为什么 class 构造函数没有属性 __code__？

Question

I have simple python3 class:

class A:
    def foo(self):
    pass

print(A.foo.__code__.co_argcount)
print(A.__init__.__code__.co_argcount)

OUTPUT will be:

1
AttributeError: 'wrapper_descriptor' object has no attribute '__code__'

Can I cast class constructor or do something else in order to count number of arguments in this constructor?

Answer 1

Since you didn't define a __init__ yourself, A.__init__ is (at least on the CPython reference interpreter) a C-level default __init__ function, not a Python level function at all. __code__ is the compiled bytecode of a Python level function ; if the function isn't defined at the Python level, it doesn't have bytecode in the first place.

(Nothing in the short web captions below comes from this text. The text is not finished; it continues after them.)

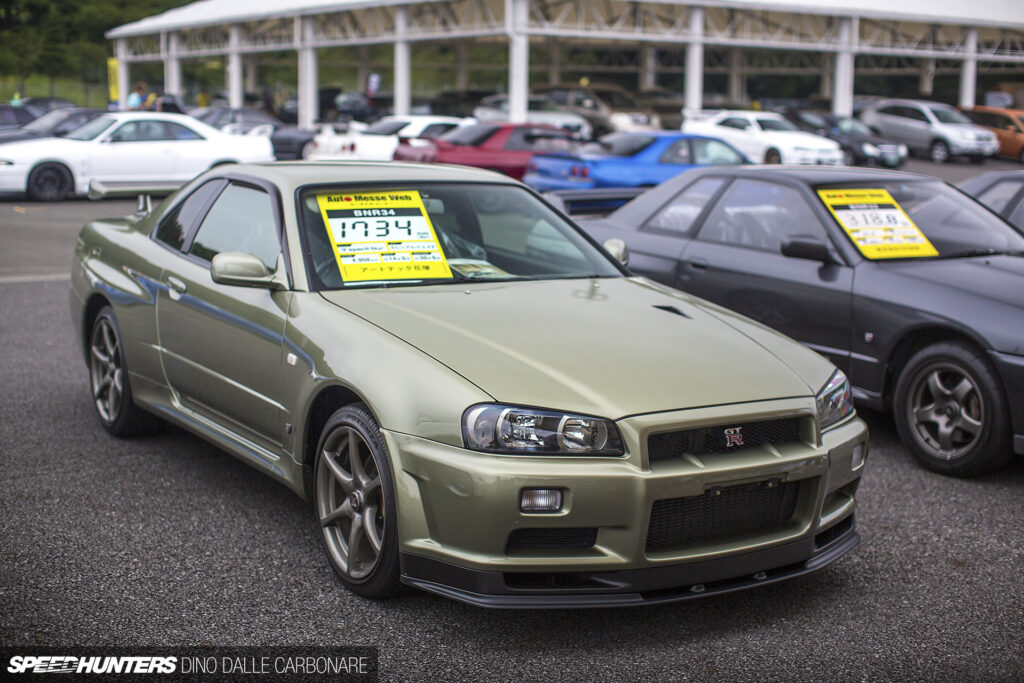 R34 GT-R Prices Are Officially Out Of Control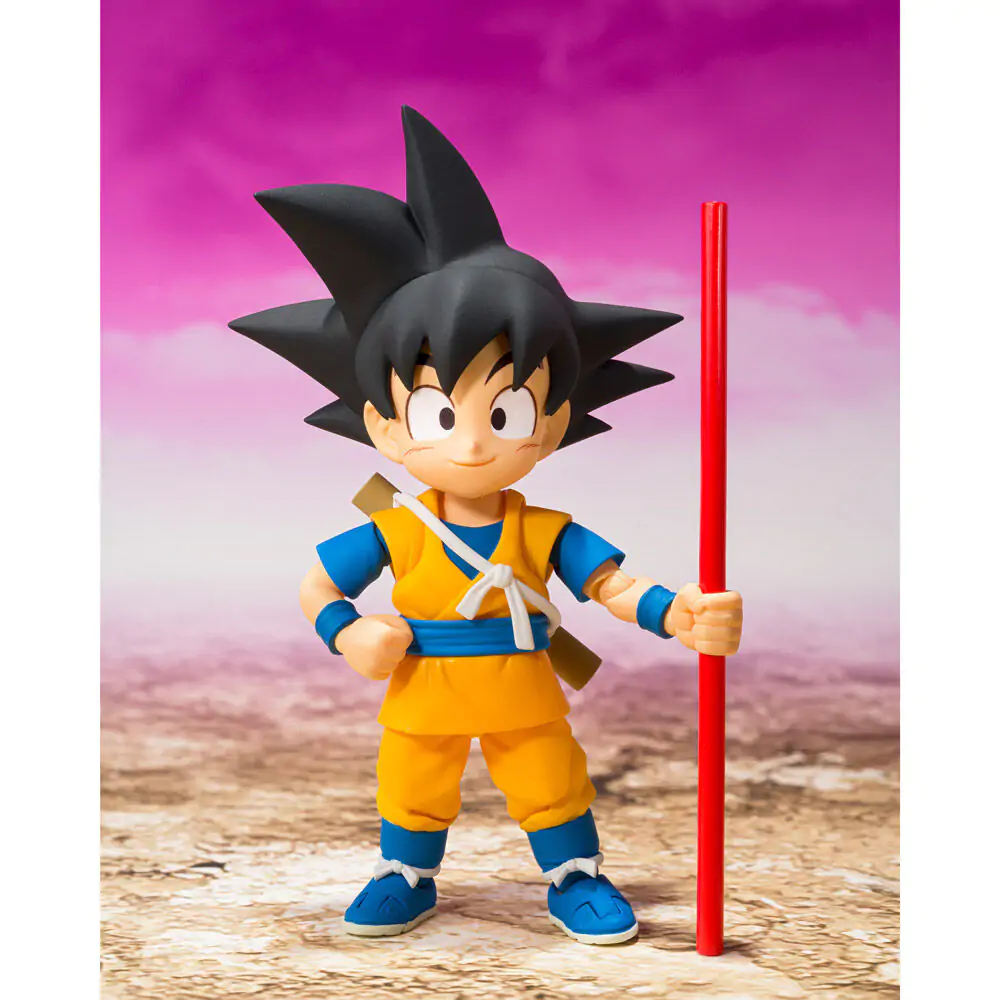 Dragon Ball Son Goku Daima S.H Figuarts figurka 7 cm zdjęcie produktu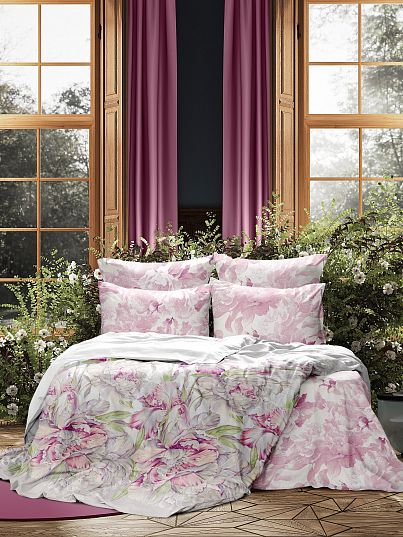 Постельное бельё Mia Cara Царство пионов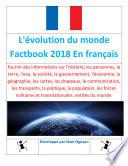 L'évolution du monde Factbook 2018 En français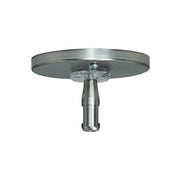 Monorail Flush Transformer, Satin Nickel Finish - Bees Lighting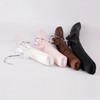 Wonafa 10 Pcs Satin Padded Hangers for Women Clothing, Sweater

If you're just trying to count the number of parameters to the constructor, the function signature will tell you, eg:

>>> import inspect
>>> len(inspect.signature(A).parameters)
0

though you may want to do more complicated inspect to handle varargs support and the like (eg if __init__ is defined with def __init__(self, *a): , it'll report one parameter, which is technically true, even though it can accept an arbitrary number of positional arguments). The Parameter objects themselves (the values of the .parameters dict shown in the above example) can tell you more about themselves (so you can distinguish accepting arg from accepting *args , or **kwargs or the like).